What’s more, FARC’s demobilization has removed Columbia’s military from the equation. Where once the military directly engaged FARC and its drug trade, which fueled their insurgency in part, now the fight is an economic and sociological one.

The net effect is booming cocaine production, up to 710 metric tons last year from just 235 metric tons in 2013. There is so much coca being grown in Columbia that the supply is in many cases exceeding demand, with plants left to wither and die in fields as farmers attempt to keep up.

Previous strategies of spraying coca fields with herbicide were subsidized by the U.S., who still would like to see the strategy expanded. The U.S. and the Columbian governments have worked closely over the last 17 years, with the U.S. providing over $10 billion to help dismantle the FARC and counter the drug trade through “Plan Columbia.” Additional American military assets and targeting technology likely helped tip the war in Columbia’s favor, leading to the historic peace deal signed last November between the government and the FARC.

But in addition to the monetary incentives to plant coca in the post-FARC Columbia, the demand for cocaine among U.S. drug users is skyrocketing, further incentivizing the drug economy in Columbia and Mexico, where powerful cartels work to push drugs to the enormous U.S. market, which remains the largest in the world.

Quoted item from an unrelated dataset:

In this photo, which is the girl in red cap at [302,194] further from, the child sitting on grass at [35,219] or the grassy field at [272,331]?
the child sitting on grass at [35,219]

Cocaine use is up for Americans, at its highest levels in over a decade. The rise is partly due to young Americans being more willing to use the drug; there were nearly 1 million new users of cocaine in 2015, a 61% increase in just two years from 2013. Many experts believe the rise is related to an unusual inversion of standard economic principles; skyrocketing demand is a result of the increase in supply and availability. Despite some attention on the American opioid epidemic, specifically in poor communities, the rise in cocaine use in the U.S. has largely been minimized.